Ce n’est donc ni un feuilleton, ni une série, même si la démarche de Belvaux n’est pas très éloignée de certains concepts de télévision, notamment de «24 Heures Chrono», série américaine de 24 épisodes qui raconte en temps réel une journée de la vie d’un agent antiterroriste — cet événement distingué aux Emmy Awards sera d’ailleurs diffusé en mars sur la TSR. On peut en revanche rejeter en bloc cette entreprise, la juger trop théorique, ennuyeuse, «terroriste» même dans sa manière d’obliger le spectateur au multipack.

Est-ce que l’on peut comparer la trilogie de Belvaux au diptyque d’Alain Resnais, «Smoking/No smoking»? Non, pas tout à fait.

«Smoking/No Smoking» est un jeu de l’esprit, un concept imaginé à partir de combinaisons mathématiques, les probabilités. Resnais lorgne du côté du théâtre, de Guitry notamment, tandis que Lucas Belvaux tente de capter quelque chose du souffle de la vie dans ces histoires terriblement humaines, où rien n’est jamais sûr: la même scène peut être drôle, dramatique ou anodine.

C’est plutôt du côté de la littérature qu’il faudrait aller chercher une équivalence, le roman épistolaire par exemple ou des œuvres polyphoniques, dont le temps est la matière première, comme «La Recherche» de Proust où des personnages, des comportements, des phrases trouvent leur sens bien plus tard dans la narration.

Si les situations sont les mêmes d’un film à l’autre, n’a-t-on pas l’impression de redites? Non. D’une part parce que tout ne se rejoue pas, loin de là, ensuite parce que les scènes qui reviennent ne sont jamais filmées de la même manière, au point d’ailleurs de ne pas les reconnaître.

C’est particulièrement vrai de la scène où Dominique Blanc souffre d’une crise de manque. Dans «Cavale», le point de vue adopté est celui du «sauveteur», le terroriste en cavale, tandis que dans «Après la vie», il épouse celui de Dominique Blanc.

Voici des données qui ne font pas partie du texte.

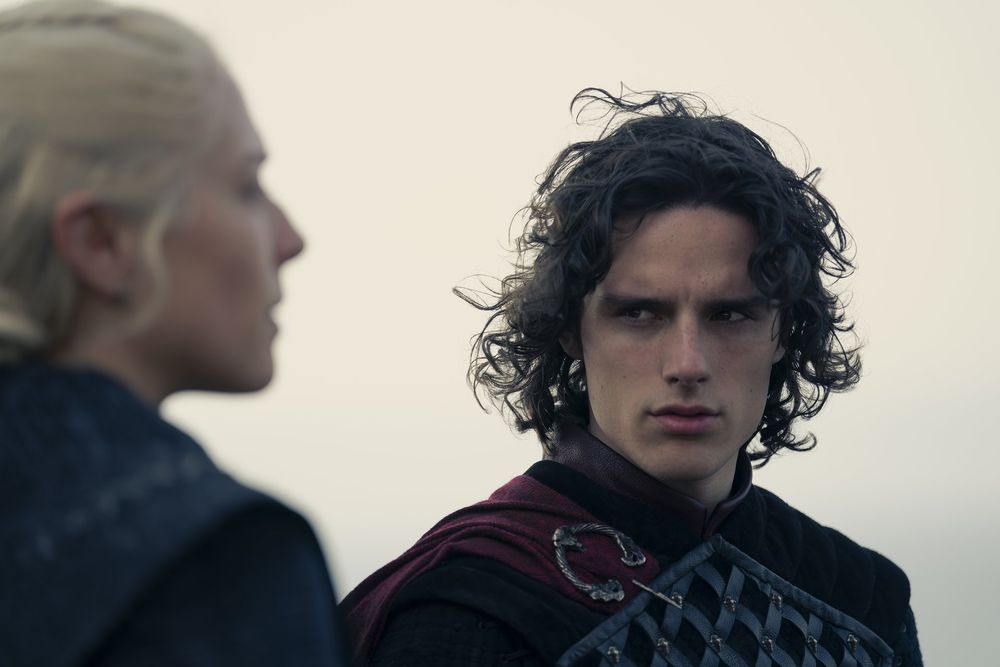 La temporada 2 de House of the Dragon presenta ocho capítulos.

Dans «Cavale», on est agacé par l’irresponsabilité de la junkie; dans «Après la vie», en compassion avec la douleur, la panique suffocante, de cette fille détruite par la maladie. Certaines scènes peuvent même se lire tout à fait différemment. On croit Pascal, le flic ténébreux, amoureux d’Ornella Muti dans «Un Couple épatant», on comprend qu’il n’en est rien dans «Après la vie»; mari volage dans le premier, amant tragique dans le second, c’est pourtant le même homme, au même moment.

Au-delà de sa conception formelle, de quoi parle la trilogie? Même si chaque film met en scène un couple, c’est surtout de solitude que parle Lucas Belvaux. François Morel et Ornella Muti vont droit dans le mur, chacun de son côté, dans leur surenchère paranoïaque.

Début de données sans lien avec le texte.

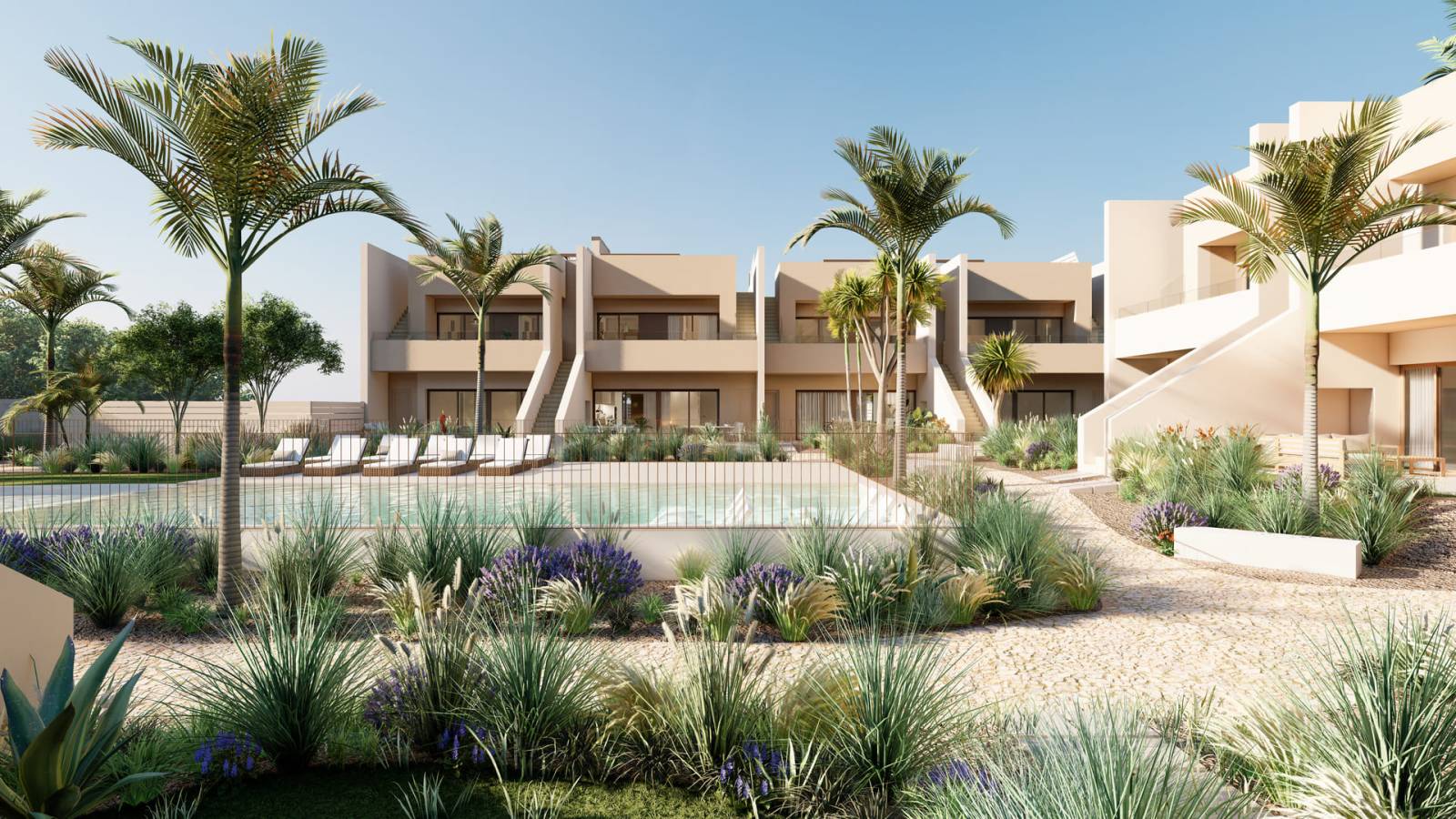 Nouvelle construction - RDC - San Javier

Solitude de Luca Belvaux, terroriste d’extrême gauche pour qui le monde n’a pas changé depuis la chute du Mur, qui accepte de vivre comme un rat pour continuer à y croire et termine sa trajectoire avalé par la neige. Solitude de Dominique Blanc et Gilbert Melki qui confondent amour et dépendance. Car chacun a sa drogue dans cette trilogie: morphine, pouvoir, sexe, idéal révolutionnaire, confort bourgeois, hypocondrie, jalousie.

Chacun «deale» avec son manque. Dans cette configuration, c’est évidemment Pascal, le flic (Gilbert Melki) qui a la meilleure place; c’est par lui que transite came, informations, secrets. Par sa fonction — mobilité et surveillance –, il est au cœur des intrigues ou à leur marge, mais toujours là, inquiet et inquiétant, protecteur et dealer. Lui, c’est aux sentiments qu’il se shoote; et pour en obtenir, il est capable des pires trafics.

S’il ne fallait voir qu’un seul de la trilogie, lequel serait-ce?

«Après la vie» qui résout certaines des énigmes posées précédemment mais surtout qui raconte des choses subtiles, violentes, terribles sur l’amour et la dépendance. C’est le plus sombre des trois, mais aussi le plus optimiste; le seul à laisser une porte ouverte à un avenir possible. Lucas Belvaux aime ses personnages, c’est incontestable, mais ne croit plus guère en l’humanité.